When high school kids get on the school bus, they immerse themselves into an ecosystem of sorts. Confined to the claustrophobic interior, having no choice but to interact with each other, their deepest inhibitions and desires surface despite their best attempts to suppress them. Filmmaker Adrian Moyse Dullin captures that moment beautifully in his poignant short The Right Words. It’s a snapshot of that emotional, tumultuous ride we all remember so well, the 15 minutes or so that meant the world to us. Each day, the bus ride to school would determine how the day went, and the bus ride back would signify its end.

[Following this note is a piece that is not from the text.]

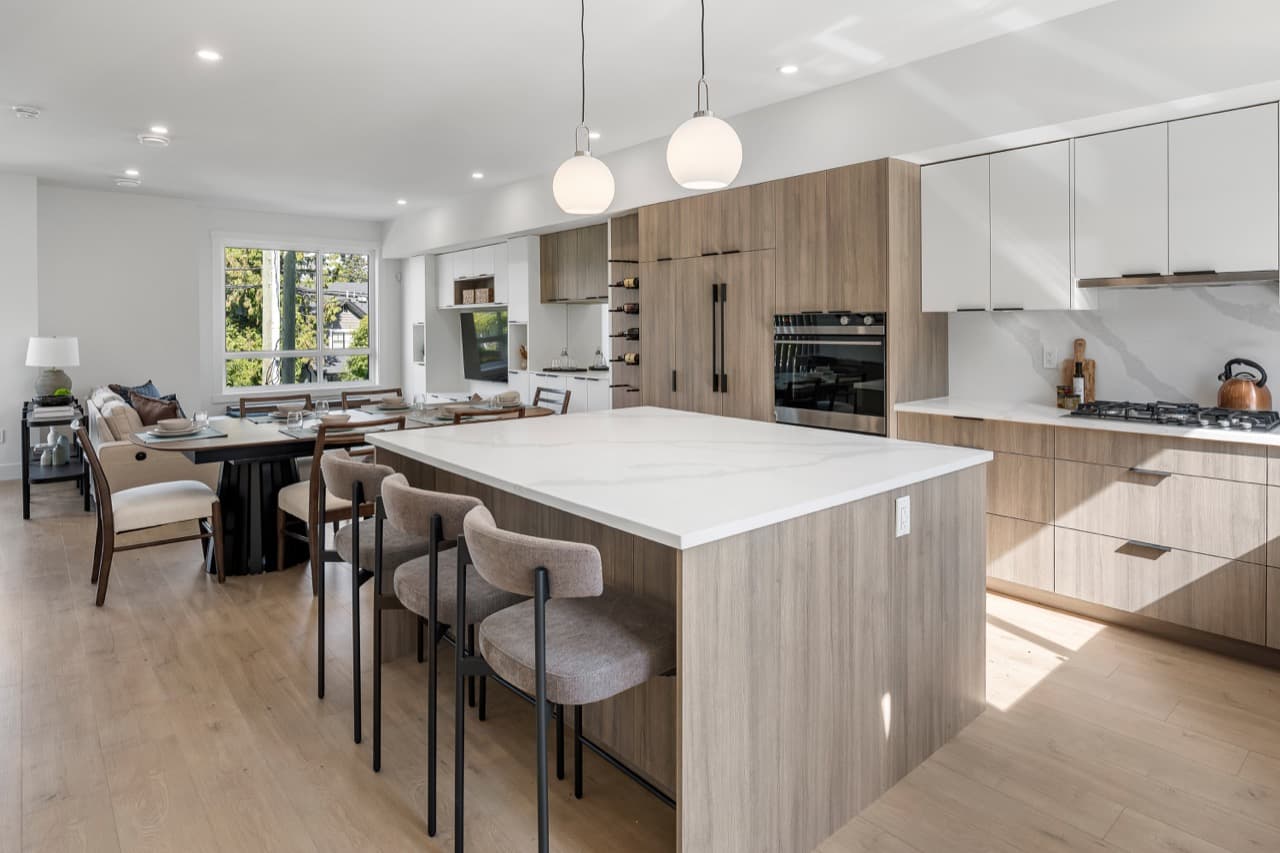Signature – Kitchen island with bar seating and pendant lighting, overlooking the open living and dining area.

For Dullin’s protagonist, Mahdi (Yasser Osmani), this happens to be an extra-important bus ride. He’s head over heels in love with Jada (Sanya Salhi), who seems to barely acknowledge his existence. She sits with the cool, older kids on the other side of the bus. Mahdi’s sister, Kenza (Aya Halal), eggs him on to talk to her, most likely to amuse herself when he inevitably fails. “Don’t tell her you like her,” she advises. Her friend, Aïssatou (Rama Ndongo), joins in the fun, until Kenza strikes a nerve with something she says, and Aïssatou’s own desires surface. The finale features a confession of sorts, and a bittersweet ending, wherein popularity still presides over true love.
The Right Words touchingly demonstrates a fragment of a childhood, with all of its trepidation and romance. It nails that effervescent feeling of one’s whole life being ahead of them. . . but kids are too busy dwelling, choosing the titular right words to interact, soaking in the tidbits overheard from the adult world and trying to utilize them. Inconsequential issues seem gargantuan, a smile can make or break a mood, and Snapchat is God. Their attempts at communication – as Mahdi demonstrates – are clumsy, and it’s only when the young boy conveys his true feelings, as opposed to going against his instincts, that Jada reacts.
In less than 15 minutes, Dullin, along with co-writer Emma Benestan, manages to reveal so much about the characters, their relationships, their fears. Subtle touches, like a hand brushing against another, amount to a piercing exposé of the society that spawns us. The media, older/cooler kids, parents, ideologies – there are many things affecting a developing mind – but at the end of the day, staying true to yourself remains the most important. It’s difficult to find the right words to describe Dullin’s film, but “delicate” and “shrewd” will do.